Say you want to use the route-override CNI plugin to add a route to each pod after it has received an IP configuration from flannel. Unfortunately, route-override doesn't look at the gateway set by the previous result, and you must set the gateway for the route in the plugin's configuration. With gator, you can template the configuration you want to calculate at runtime.

You want to end up with this config at runtime, which adds a route for the service subnet 10.96.0.0/16 through the gateway defined in the first IP listed in the PrevResult from flannel:

{
  "type": "route-override",
  "addroutes": [
    {
      "dst": "10.96.0.0/16",
      "gw": "<GATEWAY IP FROM FLANNEL>"
    }
  ]
}

You're getting something like this from stdin:

{
  ...
  "prevResult": {
    "cniVersion": "0.3.1",
    "interfaces": [...]
    "ips": [
      {
        "version": "4",
        "interface": 2,
        "address": "10.244.1.42/24",
        "gateway": "10.244.1.1"
      }
    ]
  }
}

You would start with a base configuration (which in this case will be empty), then merge in the JSON patch that results from executing the following template:

{
  "addroutes": [
    {
      "dst": "10.96.0.0/16",
      "gw": "{{with $n := index .prevResult.ips 0}}{{$n.gateway}}{{end}}"
    }
  ]
}

Now you have the plugin name, the plugin's base configuration, and a template for an RFC7396 JSON merge patch to apply to that configuration.

Put it all together and you get the following gator configuration:

{
  "type": "gator",
  "plugin": "route-override",
  "patch": "{\"addroutes\": [{\"dst\": \"10.96.0.0/16\", \"gw\": \"{{with $n := index .prevResult.ips 0}}{{$n.gateway}}{{end}}\"}]}"
}

One more example: You want to set every container interface to promiscuous mode with the debug plugin (this is from the debug repo), but you also want to save the debug logs to separate files based on the date.
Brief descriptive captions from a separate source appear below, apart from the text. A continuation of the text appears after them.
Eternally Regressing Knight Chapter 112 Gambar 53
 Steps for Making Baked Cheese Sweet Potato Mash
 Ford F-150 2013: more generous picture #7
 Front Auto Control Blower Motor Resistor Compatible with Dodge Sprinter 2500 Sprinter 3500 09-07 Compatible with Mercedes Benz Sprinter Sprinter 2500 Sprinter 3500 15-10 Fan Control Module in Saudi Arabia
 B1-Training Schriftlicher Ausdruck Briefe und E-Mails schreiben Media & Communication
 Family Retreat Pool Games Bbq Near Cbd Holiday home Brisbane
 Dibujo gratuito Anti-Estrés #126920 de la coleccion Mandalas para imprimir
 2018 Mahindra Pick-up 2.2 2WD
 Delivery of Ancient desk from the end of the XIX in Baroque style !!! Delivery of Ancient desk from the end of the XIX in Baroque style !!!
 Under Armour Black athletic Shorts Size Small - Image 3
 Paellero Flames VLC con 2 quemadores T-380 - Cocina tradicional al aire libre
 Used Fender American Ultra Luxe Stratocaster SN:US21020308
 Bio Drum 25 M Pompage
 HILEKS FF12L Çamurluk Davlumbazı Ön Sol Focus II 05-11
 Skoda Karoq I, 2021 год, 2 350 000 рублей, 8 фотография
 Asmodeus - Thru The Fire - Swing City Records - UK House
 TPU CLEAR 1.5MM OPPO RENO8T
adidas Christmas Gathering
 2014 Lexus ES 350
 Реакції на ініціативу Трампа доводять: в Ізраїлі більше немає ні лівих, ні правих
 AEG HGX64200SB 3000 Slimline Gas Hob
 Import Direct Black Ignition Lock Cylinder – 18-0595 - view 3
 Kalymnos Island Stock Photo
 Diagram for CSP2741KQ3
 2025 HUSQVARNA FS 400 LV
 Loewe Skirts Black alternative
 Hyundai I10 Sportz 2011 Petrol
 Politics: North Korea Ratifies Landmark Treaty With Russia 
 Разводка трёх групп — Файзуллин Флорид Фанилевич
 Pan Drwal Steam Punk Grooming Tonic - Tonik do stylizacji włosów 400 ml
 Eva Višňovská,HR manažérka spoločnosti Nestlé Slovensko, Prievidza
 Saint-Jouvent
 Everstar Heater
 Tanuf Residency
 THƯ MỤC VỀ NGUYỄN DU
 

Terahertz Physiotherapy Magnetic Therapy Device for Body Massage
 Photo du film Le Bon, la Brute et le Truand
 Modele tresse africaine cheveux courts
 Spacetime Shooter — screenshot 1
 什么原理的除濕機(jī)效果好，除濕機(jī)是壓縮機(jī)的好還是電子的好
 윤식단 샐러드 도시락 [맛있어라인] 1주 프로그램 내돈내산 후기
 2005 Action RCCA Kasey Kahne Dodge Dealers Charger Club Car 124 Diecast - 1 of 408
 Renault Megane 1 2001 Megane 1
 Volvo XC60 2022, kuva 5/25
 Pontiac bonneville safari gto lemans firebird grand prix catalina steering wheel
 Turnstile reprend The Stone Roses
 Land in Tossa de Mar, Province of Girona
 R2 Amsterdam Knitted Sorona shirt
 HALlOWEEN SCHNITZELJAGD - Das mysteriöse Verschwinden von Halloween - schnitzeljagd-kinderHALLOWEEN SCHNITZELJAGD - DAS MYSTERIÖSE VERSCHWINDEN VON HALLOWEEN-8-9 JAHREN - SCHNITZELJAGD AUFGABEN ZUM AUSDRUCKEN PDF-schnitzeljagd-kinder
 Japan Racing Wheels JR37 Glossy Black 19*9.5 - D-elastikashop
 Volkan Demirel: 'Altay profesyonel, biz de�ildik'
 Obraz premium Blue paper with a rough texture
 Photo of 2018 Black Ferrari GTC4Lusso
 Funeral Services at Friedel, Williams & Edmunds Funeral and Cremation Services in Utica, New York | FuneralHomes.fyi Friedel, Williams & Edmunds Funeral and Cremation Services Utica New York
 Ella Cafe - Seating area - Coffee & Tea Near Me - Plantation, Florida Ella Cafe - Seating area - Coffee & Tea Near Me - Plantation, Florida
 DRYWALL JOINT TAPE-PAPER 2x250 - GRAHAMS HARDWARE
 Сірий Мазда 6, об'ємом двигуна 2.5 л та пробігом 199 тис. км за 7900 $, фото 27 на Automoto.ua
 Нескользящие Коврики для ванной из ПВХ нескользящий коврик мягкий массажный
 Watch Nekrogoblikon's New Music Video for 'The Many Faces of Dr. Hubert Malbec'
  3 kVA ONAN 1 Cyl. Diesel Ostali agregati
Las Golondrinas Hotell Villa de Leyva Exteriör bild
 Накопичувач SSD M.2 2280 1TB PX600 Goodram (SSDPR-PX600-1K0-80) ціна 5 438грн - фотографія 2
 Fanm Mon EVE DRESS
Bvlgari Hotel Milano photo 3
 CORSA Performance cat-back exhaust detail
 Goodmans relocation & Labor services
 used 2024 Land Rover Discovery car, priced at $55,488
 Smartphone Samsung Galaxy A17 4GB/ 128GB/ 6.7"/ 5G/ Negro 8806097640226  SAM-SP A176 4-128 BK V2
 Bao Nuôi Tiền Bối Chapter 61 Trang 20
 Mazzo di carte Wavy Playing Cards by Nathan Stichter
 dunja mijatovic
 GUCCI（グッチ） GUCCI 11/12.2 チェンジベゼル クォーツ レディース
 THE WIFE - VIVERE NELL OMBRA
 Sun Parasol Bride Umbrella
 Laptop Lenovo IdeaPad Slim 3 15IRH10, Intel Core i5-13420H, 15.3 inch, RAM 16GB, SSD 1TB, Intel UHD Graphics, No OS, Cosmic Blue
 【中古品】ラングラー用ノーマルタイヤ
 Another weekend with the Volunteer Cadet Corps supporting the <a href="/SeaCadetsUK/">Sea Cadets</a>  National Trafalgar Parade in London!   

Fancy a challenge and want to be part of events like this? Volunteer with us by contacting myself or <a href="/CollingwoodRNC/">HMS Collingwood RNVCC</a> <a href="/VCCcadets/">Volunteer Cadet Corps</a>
Here's the gator config:

{
  "type": "gator",
  "plugin": "debug",
  "config": {
    "addHooks": [
      [ "sh", "-c", "ip link set $CNI_IFNAME promisc on" ]
    ]
  },
  "patch": "{\"cniOutput\": \"{{printf \"/tmp/cni-output-%s.log\" (now | date \"2006-01-02\")}}\"}"
}

The patch looks like this without all the JSON escapes:

{"cniOutput": "{{printf "/tmp/cni-output-%s.log" (now | date "2006-01-02")}}"}

At runtime, the debug plugin will be called with the following configuration (along with PrevResult, etc):

{
  ...
  "addHooks": [
    [ "sh", "-c", "ip link set $CNI_IFNAME promisc on" ]
  ],
  "cniOutput": "/tmp/cni-output-2023-10-03.log",
  "type": "debug"
}

Have fun!

Documentation

Overview

gator is a templating delegator (get it?) CNI meta plugin. It allows a CNI plugin's configuration to be dynamically generated at runtime based on the result from previous plugins in the chain.

It takes the name of the downstream plugin, configuration for the downstream plugin, and a JSON merge patch to be applied to that configuration.

The patch can include golang text/template syntax which will be executed based on the full input from stdin before the patch is applied to the downstream configuration.

Once the patch has been applied to the downstream configuration, it will be merged with stdin (gator's plugin configuration will be removed) and the the downstream plugin will be called with the same environment and the new, templated, patched stdin... just as if it had been called originally, but now you can dynamically configure plugins based on previous results!